THURSDAY, April 25, 2024
nationthailand

Poor response to tender offer for Krungdhon

Poor response to tender offer for Krungdhon

Bangkok Dusit Medical Services (BDMS) failed in its bid to take over Krungdhon Hospital (KDH), as only a few shareholders of the target offered to sell their shares in the tender offer.

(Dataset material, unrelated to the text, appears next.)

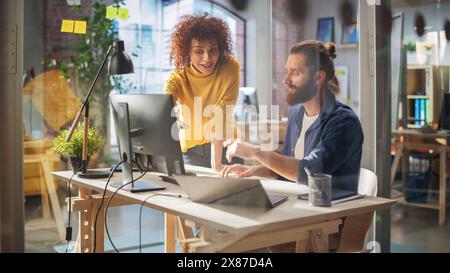 Portrait of Two Young Entrepreneurs Talking, Using a Computer to Discuss a Corporate Project. Stylish Managers Work on Financial and Marketing Projects in a Creative Agency. Stock Photo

On March 18, the last day of the tender offer, only 9,247 shares or 0.06 per cent of the total issued shares of Krungdhon Hospital were offered, at Bt55 a share, according BDMS’ filing to the Securities and Exchange Commission yesterday.
Royal Bangkok Healthcare (RBH), a wholly owned subsidiary of BDMS – the country’s largest hospital network – conducted the tender offer, which kicked off on February 11.
BDMS reported to the Securities and Exchange Commission that after the tender offer, its holdings in Krungdhon Hospital were only 25 per cent, up from 24.94 per cent prior to the tender offer.
In January, its subsidiary announced the investment of Bt700 million for the 24.94-per-cent stake.
Then, Wichai Thongtang, vice chairman of the executive committee of BDMS, said that the planned acquisition was part of the company’s vision set by its president, Prasert Prasarttong-Osoth, to grow the business.
The planned acquisition of Krungdhon Hospital was in line with the company’s investment model to expand its medical services to cover maximum area of Bangkok.
BDMS currently operates 31 hospitals, of which 23 belong directly to the company, while eight belong to Phyathai Hospital and Paolo Memorial. BGH aims to increase the number of hospitals within the group to 50 by 2015, both in Thailand and neighbouring countries such as Myanmar, Laos and Cambodia. It targets 15-per-cent growth in revenue this year. The firm will enter new provinces in Thailand, Laos and Myanmar.